Vor diesem Hintergrund ist der Output des Briten Laurence Reading aka Halogenix umso bedeutender. Seine Vita ist ja an sich schon wunderkindish: als Teil von Ivy Lab hat er ja quasi Halftime neu erfunden und sich zusammen mit Stray und Sabre bereits einen Platz im Olymp der „ich-mache-heute-Tracks-bei-denen-man-erst-in-10-Jahren-merkt-dass-die-technisch-gar-nicht-möglich-gewesen-sein-können“-Produzenten gesichert.
Seit seinem Weggang von Ivy Lab in 2018 macht er also nun fulltime solo weiter.
Zwei seiner aktuellen Releases haben mich so dermaßen grundlegend verändert, dass ich das hier rausschreien MUSS. Dabei geht es weniger um spezifische Superlativen, als vielmehr um das Gesamtwerk. Die bei mir das Gefühl von „ich durfte PERFEKTION hören“ und „how. Did. He. Do. This?“ auslösen und ich auch nach mehreren Wochen nicht erklären kann, WAS und WARUM das so ist.
Doch der Reihe nach: Seine Dragonforce EP auf Critical VERÄNDERT. ALLES.
Alles fängt harmlos an. Der EP Titeltrack Dragonforce ist m.E. nichts Außergewöhnliches. Minimaler Tech Funk auf höchstem technischen Niveau. Seine eigene Genialitätslatte bei jedem Release überhaupt zu erreichen, stell ich mir nahezu übermenschlich schwer vor.

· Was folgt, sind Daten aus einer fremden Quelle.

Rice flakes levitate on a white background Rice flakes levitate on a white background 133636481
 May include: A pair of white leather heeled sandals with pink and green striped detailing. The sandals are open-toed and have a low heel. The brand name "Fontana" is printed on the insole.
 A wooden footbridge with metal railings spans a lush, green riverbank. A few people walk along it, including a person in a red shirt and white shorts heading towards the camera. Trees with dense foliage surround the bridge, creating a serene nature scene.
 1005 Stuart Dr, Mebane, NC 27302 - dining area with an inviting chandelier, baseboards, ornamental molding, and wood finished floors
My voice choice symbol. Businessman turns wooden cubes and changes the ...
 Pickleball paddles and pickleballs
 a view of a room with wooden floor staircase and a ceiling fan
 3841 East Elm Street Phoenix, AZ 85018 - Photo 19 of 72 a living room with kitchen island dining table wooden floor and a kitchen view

Aber dann: Die 3 weiteren Tracks der EP Indipendent, Tekina und Reminisce sind schlicht einzigartig. Ich kann nicht erklären, welche einzelnen Elemente es nun genau sind. Für mein persönliches Empfinden ist alles – darf man das sagen? – PURE PERFEKTION. Das Arrangement, die Art der Vocal snippets, die twists und turns und die unfassbare Produktion, die ihre Message THE FUTURE OF TOMORROW IS HERE RIGHT NOW direkt ins Rückenmark beamt. Auch nach einem de-facto Dauerlauf von mittlerweile mehreren Tagen Spielzeit kann ich mich der Magie dieser Tracks nicht entziehen, sie nicht erklären.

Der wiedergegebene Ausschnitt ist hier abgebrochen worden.